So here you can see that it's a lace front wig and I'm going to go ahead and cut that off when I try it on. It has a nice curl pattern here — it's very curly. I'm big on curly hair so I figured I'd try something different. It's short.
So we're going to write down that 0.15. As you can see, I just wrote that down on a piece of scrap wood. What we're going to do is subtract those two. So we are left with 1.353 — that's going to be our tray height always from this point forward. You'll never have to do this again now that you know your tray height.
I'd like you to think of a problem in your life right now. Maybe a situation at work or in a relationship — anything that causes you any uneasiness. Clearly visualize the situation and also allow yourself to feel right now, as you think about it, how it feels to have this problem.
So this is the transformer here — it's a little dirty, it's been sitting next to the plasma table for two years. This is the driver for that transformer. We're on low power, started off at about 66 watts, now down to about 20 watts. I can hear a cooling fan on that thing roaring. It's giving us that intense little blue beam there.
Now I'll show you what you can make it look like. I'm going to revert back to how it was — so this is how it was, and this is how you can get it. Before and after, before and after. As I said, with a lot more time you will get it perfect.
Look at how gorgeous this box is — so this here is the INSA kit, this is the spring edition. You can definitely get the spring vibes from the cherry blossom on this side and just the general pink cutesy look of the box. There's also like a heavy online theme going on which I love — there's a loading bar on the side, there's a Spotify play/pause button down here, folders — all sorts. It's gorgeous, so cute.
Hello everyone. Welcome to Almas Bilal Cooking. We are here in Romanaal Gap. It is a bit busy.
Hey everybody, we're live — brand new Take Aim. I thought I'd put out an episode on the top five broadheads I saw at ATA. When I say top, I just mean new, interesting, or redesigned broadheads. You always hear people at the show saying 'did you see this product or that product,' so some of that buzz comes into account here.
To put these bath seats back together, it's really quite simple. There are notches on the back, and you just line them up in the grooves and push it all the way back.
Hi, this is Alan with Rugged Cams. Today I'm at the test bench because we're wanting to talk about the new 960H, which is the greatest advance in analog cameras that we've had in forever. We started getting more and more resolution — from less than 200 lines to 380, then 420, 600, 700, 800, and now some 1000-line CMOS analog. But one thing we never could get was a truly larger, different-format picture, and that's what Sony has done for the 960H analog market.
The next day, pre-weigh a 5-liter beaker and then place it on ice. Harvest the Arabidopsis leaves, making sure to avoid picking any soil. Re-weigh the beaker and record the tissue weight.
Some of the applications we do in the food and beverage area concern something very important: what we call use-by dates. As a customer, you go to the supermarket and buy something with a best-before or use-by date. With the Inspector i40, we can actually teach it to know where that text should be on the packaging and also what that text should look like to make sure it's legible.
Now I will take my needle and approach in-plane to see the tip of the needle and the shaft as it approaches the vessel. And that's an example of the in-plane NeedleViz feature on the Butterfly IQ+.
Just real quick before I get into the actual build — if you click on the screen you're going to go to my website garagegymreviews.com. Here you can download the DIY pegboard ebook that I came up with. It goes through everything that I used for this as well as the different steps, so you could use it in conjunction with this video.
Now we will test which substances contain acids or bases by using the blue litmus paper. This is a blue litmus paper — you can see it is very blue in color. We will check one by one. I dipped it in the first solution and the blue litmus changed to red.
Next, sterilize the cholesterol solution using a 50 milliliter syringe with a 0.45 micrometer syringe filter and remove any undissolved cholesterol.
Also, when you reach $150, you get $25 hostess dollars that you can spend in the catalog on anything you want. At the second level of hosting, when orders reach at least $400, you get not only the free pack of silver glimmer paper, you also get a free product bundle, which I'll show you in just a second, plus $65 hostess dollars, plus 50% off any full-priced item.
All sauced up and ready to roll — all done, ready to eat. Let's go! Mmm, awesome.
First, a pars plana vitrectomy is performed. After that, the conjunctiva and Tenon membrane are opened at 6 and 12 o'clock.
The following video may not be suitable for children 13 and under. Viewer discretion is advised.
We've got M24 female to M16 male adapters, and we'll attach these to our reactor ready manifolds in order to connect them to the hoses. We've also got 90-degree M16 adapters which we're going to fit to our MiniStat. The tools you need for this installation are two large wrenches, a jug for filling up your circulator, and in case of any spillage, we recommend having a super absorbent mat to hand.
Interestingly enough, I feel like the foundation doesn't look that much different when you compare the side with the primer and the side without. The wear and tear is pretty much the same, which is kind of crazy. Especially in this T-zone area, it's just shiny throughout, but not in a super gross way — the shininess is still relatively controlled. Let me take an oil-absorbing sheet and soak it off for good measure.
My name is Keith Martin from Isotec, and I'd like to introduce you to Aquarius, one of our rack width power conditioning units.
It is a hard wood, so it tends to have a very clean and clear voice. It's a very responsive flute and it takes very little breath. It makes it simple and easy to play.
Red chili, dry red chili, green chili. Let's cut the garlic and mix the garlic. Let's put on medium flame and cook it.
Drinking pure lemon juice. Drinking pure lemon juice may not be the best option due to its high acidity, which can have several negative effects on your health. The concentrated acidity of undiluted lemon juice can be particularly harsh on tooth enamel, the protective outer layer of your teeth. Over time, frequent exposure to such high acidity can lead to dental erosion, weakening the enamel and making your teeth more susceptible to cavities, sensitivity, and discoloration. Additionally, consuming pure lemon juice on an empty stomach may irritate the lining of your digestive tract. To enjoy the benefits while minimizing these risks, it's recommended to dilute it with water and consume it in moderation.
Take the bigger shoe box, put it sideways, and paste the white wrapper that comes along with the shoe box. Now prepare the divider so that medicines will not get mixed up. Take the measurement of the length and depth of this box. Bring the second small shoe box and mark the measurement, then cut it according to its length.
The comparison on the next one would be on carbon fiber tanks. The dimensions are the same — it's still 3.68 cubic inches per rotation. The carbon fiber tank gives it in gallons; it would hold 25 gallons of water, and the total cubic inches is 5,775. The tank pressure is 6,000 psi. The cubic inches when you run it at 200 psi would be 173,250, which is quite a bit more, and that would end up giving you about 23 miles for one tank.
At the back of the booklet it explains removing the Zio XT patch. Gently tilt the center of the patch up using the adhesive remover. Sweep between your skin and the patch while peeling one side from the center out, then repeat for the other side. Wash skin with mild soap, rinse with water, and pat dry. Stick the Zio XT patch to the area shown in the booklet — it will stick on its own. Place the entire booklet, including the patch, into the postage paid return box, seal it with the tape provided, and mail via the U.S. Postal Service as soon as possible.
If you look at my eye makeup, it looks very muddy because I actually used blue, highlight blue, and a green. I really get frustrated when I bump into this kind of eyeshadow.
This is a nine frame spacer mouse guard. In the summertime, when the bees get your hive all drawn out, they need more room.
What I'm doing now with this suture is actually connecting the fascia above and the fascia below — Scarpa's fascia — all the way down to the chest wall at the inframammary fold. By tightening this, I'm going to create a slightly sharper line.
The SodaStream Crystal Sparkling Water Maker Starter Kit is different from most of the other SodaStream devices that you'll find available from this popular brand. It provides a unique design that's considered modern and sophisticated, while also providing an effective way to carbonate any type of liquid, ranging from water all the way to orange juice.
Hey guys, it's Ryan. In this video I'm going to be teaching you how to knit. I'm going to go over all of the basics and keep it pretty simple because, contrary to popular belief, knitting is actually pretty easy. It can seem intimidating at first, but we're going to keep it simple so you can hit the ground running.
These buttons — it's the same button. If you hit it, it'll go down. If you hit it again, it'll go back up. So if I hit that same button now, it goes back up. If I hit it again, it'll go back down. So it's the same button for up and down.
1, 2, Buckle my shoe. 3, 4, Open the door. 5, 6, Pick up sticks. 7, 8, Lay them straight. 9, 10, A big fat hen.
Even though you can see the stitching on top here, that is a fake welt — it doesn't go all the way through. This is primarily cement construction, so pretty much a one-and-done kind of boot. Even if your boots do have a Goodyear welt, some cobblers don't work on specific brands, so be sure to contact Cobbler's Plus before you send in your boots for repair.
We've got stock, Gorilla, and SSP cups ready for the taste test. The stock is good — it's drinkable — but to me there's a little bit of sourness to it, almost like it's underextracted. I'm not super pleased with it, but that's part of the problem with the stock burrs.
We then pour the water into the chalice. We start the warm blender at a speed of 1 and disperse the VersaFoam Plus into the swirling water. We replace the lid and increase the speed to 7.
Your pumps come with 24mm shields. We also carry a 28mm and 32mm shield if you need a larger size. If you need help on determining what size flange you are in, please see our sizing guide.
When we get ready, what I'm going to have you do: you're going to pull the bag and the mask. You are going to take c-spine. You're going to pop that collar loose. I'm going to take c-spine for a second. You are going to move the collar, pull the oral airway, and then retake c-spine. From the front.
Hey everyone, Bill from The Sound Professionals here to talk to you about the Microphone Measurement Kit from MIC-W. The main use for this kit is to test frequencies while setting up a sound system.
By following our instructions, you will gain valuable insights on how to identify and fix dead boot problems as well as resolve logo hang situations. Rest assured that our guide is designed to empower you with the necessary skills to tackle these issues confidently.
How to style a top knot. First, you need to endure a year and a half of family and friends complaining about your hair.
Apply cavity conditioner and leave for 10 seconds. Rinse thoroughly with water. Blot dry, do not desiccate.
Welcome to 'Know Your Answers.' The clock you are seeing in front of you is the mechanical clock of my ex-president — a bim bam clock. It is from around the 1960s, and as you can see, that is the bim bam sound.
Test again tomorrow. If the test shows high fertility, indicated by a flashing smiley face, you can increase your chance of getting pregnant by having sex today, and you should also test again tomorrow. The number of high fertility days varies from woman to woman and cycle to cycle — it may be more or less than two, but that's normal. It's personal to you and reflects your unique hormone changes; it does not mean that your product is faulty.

**WHAT NEEDS TO BE DONE**
Retype exactly the line with "When we get" and each line after it until the records end, and include no other line.

**TASK SOLUTION**
When we get ready, what I'm going to have you do: you're going to pull the bag and the mask. You are going to take c-spine. You're going to pop that collar loose. I'm going to take c-spine for a second. You are going to move the collar, pull the oral airway, and then retake c-spine. From the front.
Hey everyone, Bill from The Sound Professionals here to talk to you about the Microphone Measurement Kit from MIC-W. The main use for this kit is to test frequencies while setting up a sound system.
By following our instructions, you will gain valuable insights on how to identify and fix dead boot problems as well as resolve logo hang situations. Rest assured that our guide is designed to empower you with the necessary skills to tackle these issues confidently.
How to style a top knot. First, you need to endure a year and a half of family and friends complaining about your hair.
Apply cavity conditioner and leave for 10 seconds. Rinse thoroughly with water. Blot dry, do not desiccate.
Welcome to 'Know Your Answers.' The clock you are seeing in front of you is the mechanical clock of my ex-president — a bim bam clock. It is from around the 1960s, and as you can see, that is the bim bam sound.
Test again tomorrow. If the test shows high fertility, indicated by a flashing smiley face, you can increase your chance of getting pregnant by having sex today, and you should also test again tomorrow. The number of high fertility days varies from woman to woman and cycle to cycle — it may be more or less than two, but that's normal. It's personal to you and reflects your unique hormone changes; it does not mean that your product is faulty.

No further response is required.